- _Action item_
Write out the listing below exactly, and omit any images you find in it.

- _Data extracts_
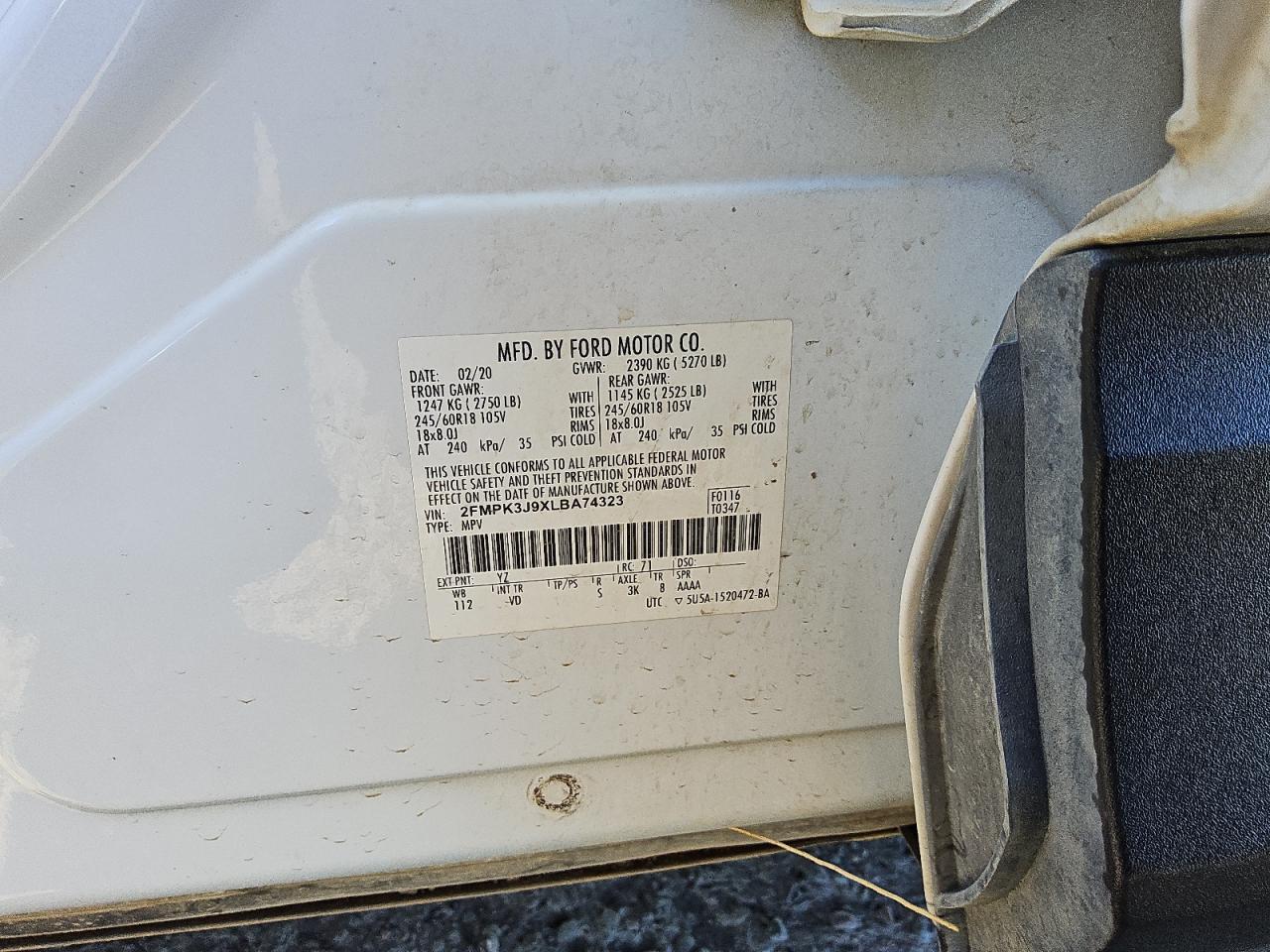 2020 Ford Edge Sel VIN: 2FMPK3J9XLBA74323 Lot: 80894035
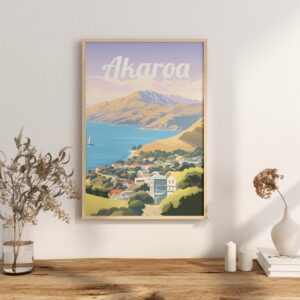 Poster Akaroa print Canterbury New Zealand Travel Poster Scenic Coastal Views Art Print NZ Wall Decor Adventure Nature Gifts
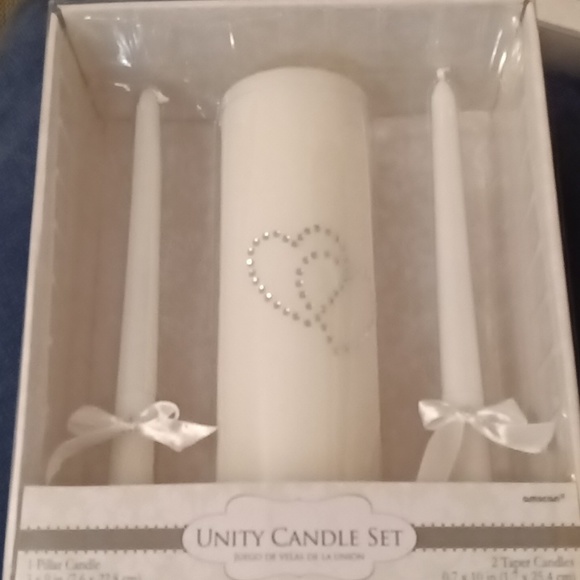 NIB White Hearts Unity Candle Set - Picture 3 of 4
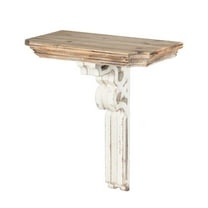 CC Home Furnishings 22" White and Brown Antique Finish Contemporary Wall Shelf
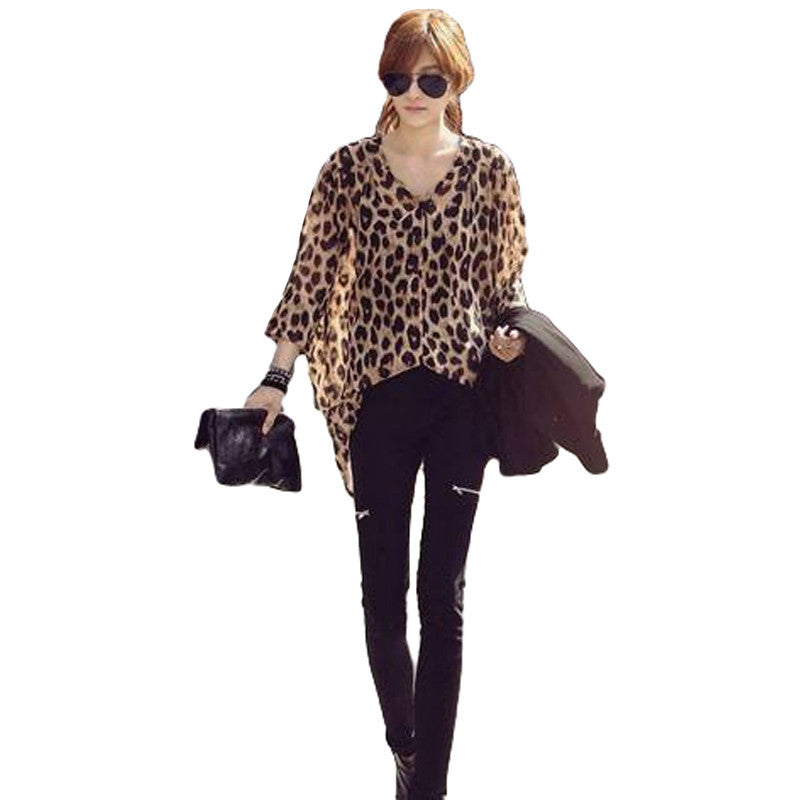high street fshion women ladies chiffon blouse leopard printed long sleeve high low hem loose tops camisas femininas TIML66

- _Exercise answer_
 2020 Ford Edge Sel VIN: 2FMPK3J9XLBA74323 Lot: 80894035
 Poster Akaroa print Canterbury New Zealand Travel Poster Scenic Coastal Views Art Print NZ Wall Decor Adventure Nature Gifts
 NIB White Hearts Unity Candle Set - Picture 3 of 4
 CC Home Furnishings 22" White and Brown Antique Finish Contemporary Wall Shelf
high street fshion women ladies chiffon blouse leopard printed long sleeve high low hem loose tops camisas femininas TIML66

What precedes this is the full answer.